For this work, we evaluated the network anomaly detection technology developed by NTT Network Technology Laboratories on a range of typical operational data gathered on the DSL—SNMP/MIB, NetFlow, syslogs, trouble tickets, and the like—to assess the technology’s practical performance and problems.

The basic architecture of the DSL is that of a reproducible analysis/research platform, which can reproduce analytical results and infrastructure as code. NTT Network Technology Laboratories’ anomaly detection technology is currently containerized, and we are now working to integrate it on the DSL infrastructure.

In Fig. 5, we show anomaly data measured over a two-month time frame, with the degree of anomaly (blue line) on the vertical axis versus time on the horizontal axis. The vertical red lines indicate problems identified from trouble tickets issued during the testbed trials. The trouble tickets identify a range of problems—a server breakdown, a bug, a denial-of-service attack, and so on—and they agree remarkably well with the serious anomaly time slots shown on the graph.

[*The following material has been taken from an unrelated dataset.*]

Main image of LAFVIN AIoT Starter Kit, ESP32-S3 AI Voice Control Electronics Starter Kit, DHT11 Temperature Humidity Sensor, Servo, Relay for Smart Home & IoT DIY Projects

Fig. 5. Results of trial conducted with the Technology Development Department.

However, there were other serious anomaly time slots detected with the anomaly detection technology that were not caught by the trouble tickets, so we are working to verify the effectiveness of the technology while trying to match up the detection results against actual incidents and events that occurred. In addition, there are a number of practical issues that must be resolved if we are to continually operate the anomaly detection technology on a real-time basis, and we are now addressing these issues.

5.2 Collaboration with Network Services Department

The Network Services Department of NTT Communications is currently trying to exploit AI to upgrade the service operations of a whole range of existing network services. For example, the MVNO (mobile virtual network operator) service that has attracted considerable interest and become immensely popular is a case in point, as the department seeks to exploit AI to implement anomaly detection in this service. More specifically, we have been experimenting with applying network anomaly detection to various types of resource data (utilization of central processing unit (CPU), memory, disk input/output, and so on.) on NTT Communications’ virtualized service platform to see if we can detect singular events and shifts in the degree of anomaly during normal operation.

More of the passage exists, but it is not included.